Langley offered planner severance to avoid possible litigation, claim

The $17,000 severance agreement offered to Langley’s former planning director was, at least in part, done to avoid possible litigation.

The $17,000 severance agreement offered to Langley’s former planning director was, at least in part, done to avoid possible litigation.

In the separation agreement, former Community Planning director Michael Davolio agreed to waive “all actual or potential legal claims against the City.” That protects city coffers from any legal costs and allows Langley to move on with finding a new Community Planning director without the looming threat of a lawsuit.

Though the city has remained mum about the details or circumstances that led to the separation, Mayor Fred McCarthy, speaking for the first time since the deal was released Friday, described the severance package as “very appropriate,” saying it was offered as a gesture of gratitude from the city to Davolio.

Though the former planner was placed on paid, then non-paid leave, before eventually resigning, McCarthy denied implications that Davolio was forced out or offered cash to simply go away.

“I wouldn’t say he was paid to leave,” McCarthy said.

“We were thanking him for the time and energy he gave here,” he added.

The city’s thanks, and Davolio’s promise not to sue, comes at the tune of $11,909 for eight weeks of salary, $3,365 for accrued sick, vacation and personal leave, and $2,911 for continued health coverage. The mayor said it was standard practice to pay for accrued leave time, as was the practice of severance packages in general.

“Severance packages like that are a normal part of bringing an employment relationship to closure before the expected time,” McCarthy said.

Davolio was not a contracted employee, so his tenure as the planning director was never specified in writing. He, like most of the regular employees at Langley City Hall, is an at-will worker who could leave or have his employment terminated without reason, according to the Washington State Department of Labor & Industries. In other words, the city was in no way obligated to provide Davolio with a severance package.

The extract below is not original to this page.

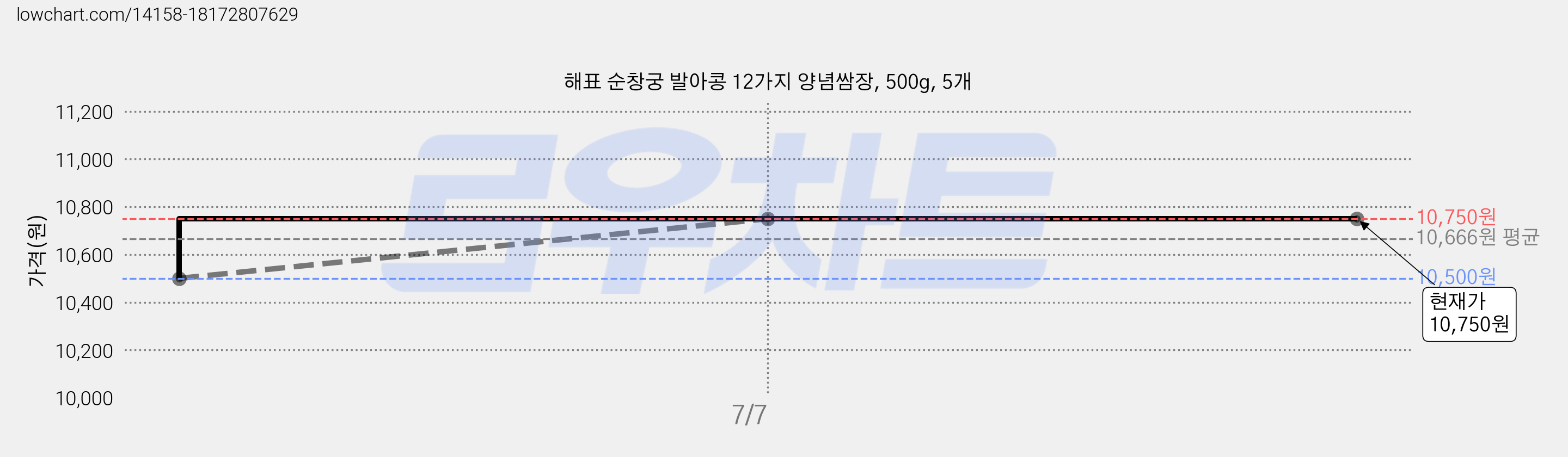 해표 순창궁 발아콩 12가지 양념쌈장, 500g, 5개 가격 변동 차트, 현재가 10,750원, 역대최저가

Also, despite the mayor’s claim, the offer is a break from recent practice with departing department heads who also weren’t pressured to leave. The past three former city department supervisors who left were not offered separation or severance agreements when they resigned. A former planning director and a public works director left to take jobs elsewhere and did not receive severance deals, as did a previous public works director who resigned after a few months on the job. A fourth supervisor, a police chief, retired and he wasn’t provided a severance package either.

McCarthy, who did not seek re-election in November, will leave the office at the end of the month. All four of the above mentioned departments heads left under his tenure. Davolio makes the fifth.

The mayor said the turnover at city hall is the byproduct of being a small city. Talented people move on to different, better positions, he said.

With Davolio, however, that was not necessarily the case. Davolio submitted his official resignation Dec. 2, which was accepted Dec. 7 by the city council and mayor. The mayor said he made the decision to discuss a parting of ways between the planner and Langley because “It was the right thing to do.” McCarthy also said he was not influenced by others.

“This was strictly as a relationship between me as the supervisor and him as the planner,” McCarthy said.

The separation/severance agreement also required McCarthy to write Davolio a written letter of recommendation.

Verbal requests to see Davolio’s personnel file were denied. McCarthy said, based on legal counsel, those documents were protected. He did not provide an RCW that exempts the records as required by the Open Public Records Act.

Langley Director of Finance/Clerk Debbie Mahler, who handles the city’s public records requests, responded to a written request for disciplinary notes or actions that no disciplinary actions were made or taken with regard to Davolio, so none could be produced.

Nancy Krier, the Assistant Attorney General for Open Government, did not comment on the situation in Langley. She instead cited sections of the Washington Attorney General’s Open Government Resource Manual about employee evaluations and personnel complaints and investigations. An evaluation of a public employee’s performance “is presumed to be highly offensive and of no legitimate concern to the public,” according to the manual. In that same guidebook, substantiated misconduct or disciplinary action taken is to be disclosed, “because they are of legitimate interest to the public, even if embarrassing to the employee.”

Washington is an at-will employment state. That means that employers and employees enter into a working relationship at will, and it can be dissolved at any time by either party without stating a reason, so long as it is not discriminatory.

Severance deals are not required by law, unless part of a signed contract. Davolio had no such contract. Several legal advice websites, however, refer to such severance deals as being a means of making employees leave as “quickly and quietly as possible,” as written on labor-employment-law.lawyers.com.

“We wanted to treat him fairly,” McCarthy said of the severance deal.

Prior to his resignation early this month, Davolio was placed on paid administrative leave in late October, then non-paid leave in November.

The city’s planning department is now led by interim director Jack Lynch. As a former planner for the city for decades, he helped out prior to Davolio’s hire and is on contract through February. Langley has begun posting the position to find new candidates, and McCarthy said the city hopes to have a new planning director selected by February.

“With Mr. Davolio’s resignation for personal and professional reasons, the city will be looking for a good fit in a planner and will be going through a process that will result in a good fit for the city,” McCarthy said.